7.1 years ago by
Washington University School of Medicine, St. Louis, USA
This thread describes the: Expected correlation between Exon Array and RNA-Seq.
The paper Alternative expression analysis by RNA sequencing contains a variety of comparisons between Affymetrix Exon arrays, custom NimbleGen arrays, and RNA-seq. The paper RNA-seq: An assessment of technical reproducibility and comparison with gene expression arrays also seems relevant.
As someone who has worked with both microarrays (including custom designed arrays), and RNA-seq I think you hit the nail on the head with your comment about the hypothesis neutral approach of RNA-seq. IMHO, being locked to extant information at design time is a significant limitation of microarrays (one that is impractical to overcome).

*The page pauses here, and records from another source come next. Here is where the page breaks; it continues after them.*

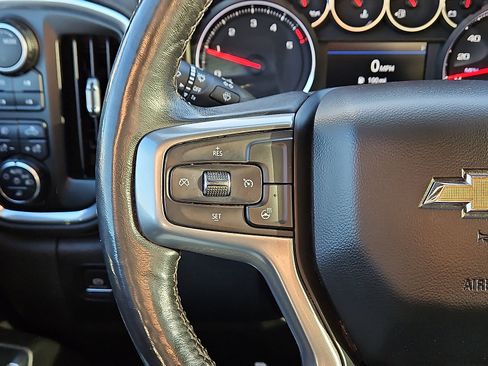 Used 2023 Chevrolet Silverado 2500 LTZ image 17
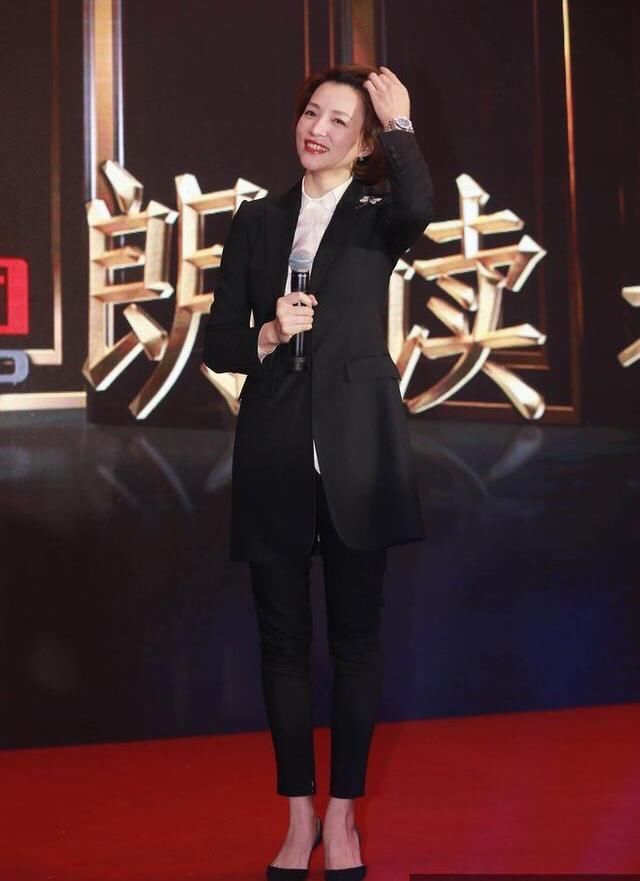 董卿气质不俗，只不过瘦出尖下巴了!网友:瘦了显老，胖点好看些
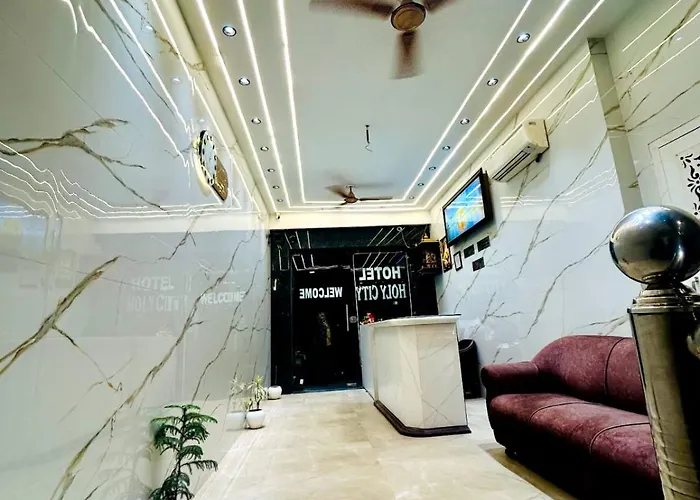 Hotel Holy City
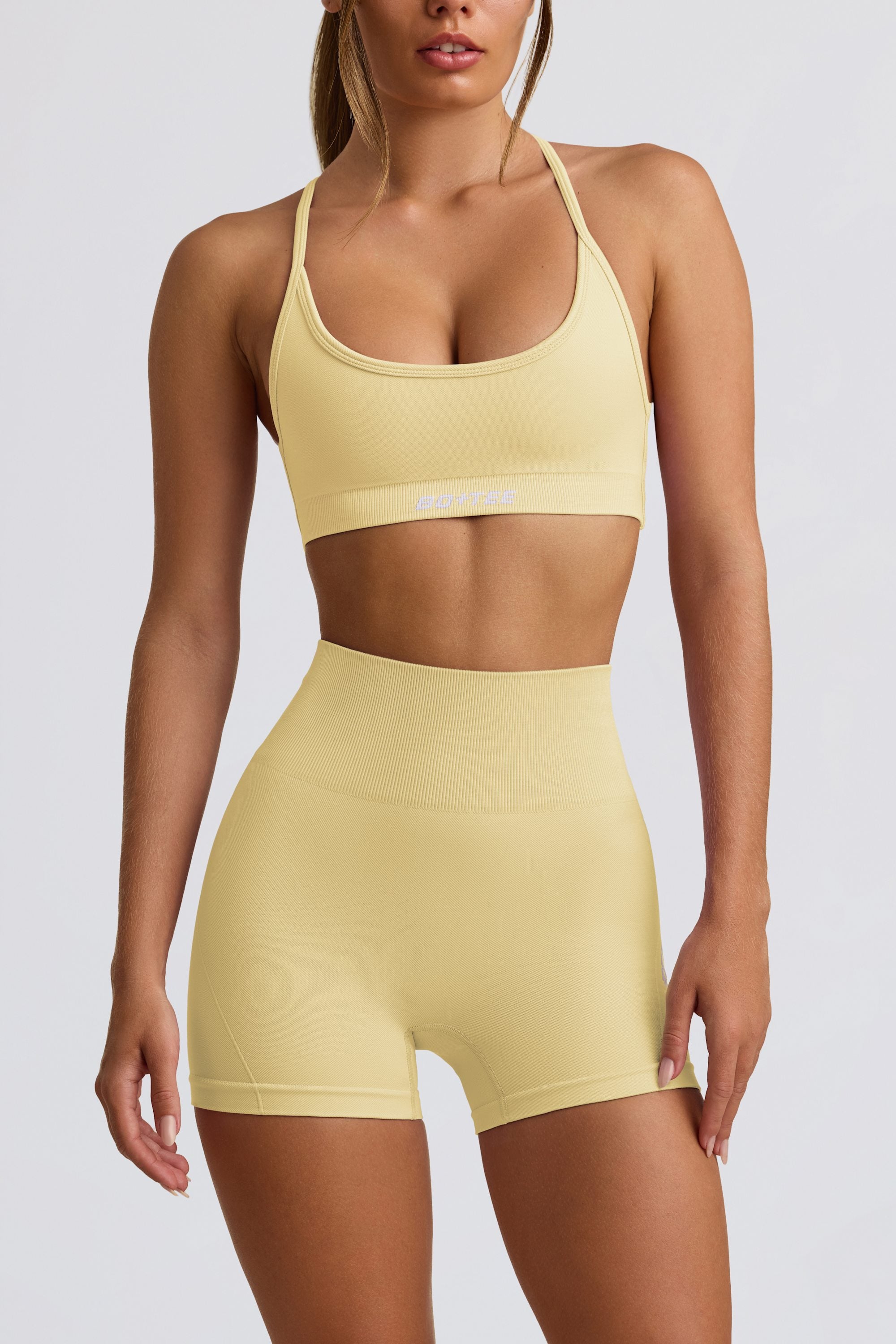 Super Sculpt Seamless Mini Shorts in Butter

Other pros of RNA-seq over microarrays include: theoretically unlimited dynamic range and better signal-to-noise ratio. Probably the clincher though is the diversity of information your can simultaneously obtain (with appropriate analyses of course): gene expression, alternative isoform detection and quantification, mutation detection, allele specific expression, gene fusion discovery and quantification, RNA editing, etc.
One pro of microarrays is that they have arguably more robust strand specific assays currently. Another is that they are less influenced by a wide expression distribution/range (the difference in copy number between the lowest and highest expressed transcripts in the cell). This is both the blessing and the curse of the finite dynamic range in microarrays. In RNA-seq, the random sampling nature of the assay means that you can burn a large percentage of your data sequencing the top N% of expressed genes. I have seen libraries where >75% of sequenced reads corresponded to the top 5 genes. Microarrays do not suffer from this phenomenon, although you can improve signal by enriching for polyA+ RNA or otherwise removing rRNA species.